Наверное, на этот шкаф в свое время многие глаз положили. Его не конфисковали только по одной причине: он не проходил через двери.
Похоже, когда-то в нашей коммуналке дверные проемы были гораздо шире и выше. Это еще при буржуях. А потом советская власть решила, что шикарная двустворчатая дверь для рабочего класса не подходят по статусу. И поставила нам обычную, топорно сработанную, с кривыми филенками, которая изнутри закрывалась на большой крюк – как в свинарнике.
За шкафом было тепло и уютно. Я притащил туда табурет, который нашел на помойке, застелил его рваным ватником, а угол на высоту своего роста оббил грубошерстным солдатским одеялом. Оно было ничейным, я нашел его на антресолях.
В углу я чаще всего и спал, скукожившись на табурете. Мать обо мне вспоминала только тогда, когда хотела сдать пустые бутылки, а ей с глубокого похмелья идти было невмоготу.
Однако горше всего было мне, когда пьяные забулдыги, посещавшие нашу квартиру, пытались учить меня уму-разуму. От их \"наставлений\" меня тянуло на рвоту.
А если учесть амбрэ, которое исходило от гнилых зубов и проспиртованных насквозь утроб псевдопапаш и подзаборных \"педагогов\", то и вовсе было понятно мое стремление пореже бывать дома.
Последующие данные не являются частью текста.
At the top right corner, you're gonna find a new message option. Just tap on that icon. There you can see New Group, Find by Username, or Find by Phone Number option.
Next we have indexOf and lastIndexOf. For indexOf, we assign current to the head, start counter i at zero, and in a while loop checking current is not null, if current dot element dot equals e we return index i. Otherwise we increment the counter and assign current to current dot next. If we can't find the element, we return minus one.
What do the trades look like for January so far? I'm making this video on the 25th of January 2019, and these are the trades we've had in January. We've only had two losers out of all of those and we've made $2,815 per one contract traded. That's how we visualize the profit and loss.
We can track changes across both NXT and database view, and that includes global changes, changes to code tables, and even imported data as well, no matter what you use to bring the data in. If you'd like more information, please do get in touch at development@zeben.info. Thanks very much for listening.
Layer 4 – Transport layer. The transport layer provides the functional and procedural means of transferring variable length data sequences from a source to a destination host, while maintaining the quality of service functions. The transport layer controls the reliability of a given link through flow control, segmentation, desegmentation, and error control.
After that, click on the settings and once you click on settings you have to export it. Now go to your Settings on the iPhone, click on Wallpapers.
Но то происходило позже, когда я подрос…
В одиннадцать лет я не выдержал такой жизни и убежал из дому. Наверное, я так и остался бы бездомным бродягой, чтобы потом сразу с улицы попасть на тюремные нары. Но мне повезло: я почему-то решил бежать осенью.
Холода меня, непривычного к кочевой жизни бомжей, так достали, что в конце концов, совсем отчаявшись, я прибился к детскому дому. На мою удачу, меня приняли и даже не особо интересовались, кто я, откуда и есть ли у меня родители.
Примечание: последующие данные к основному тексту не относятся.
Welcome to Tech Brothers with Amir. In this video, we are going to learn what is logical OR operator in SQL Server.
Я думал, что мать будет меня искать, а потому назвался чужим именем. Но она, похоже, и не заметила моего отсутствия. А может, все-таки поняла, что я ударился в бега, однако лишь вздохнула с облегчением.
В детдоме тоже жилось не сладко. И не только мне, а практически всем воспитанникам. Но даже жизнь впроголодь, среди жестокостей и пошлости, поначалу показалась мне раем по сравнению с нашей коммуналкой.
У меня была личная кровать! У меня была добротная одежда и даже зимнее пальто! И наконец, я мог учиться.
Дома с учебой у меня не ладилось. И не потому, что я ленился или был тупым. Отнюдь. Просто мне негде было заниматься: в комнате постоянно стоял пьяный галдеж, а на кухне или соседки выясняли отношения, или кто-нибудь из них затевал большую стирку.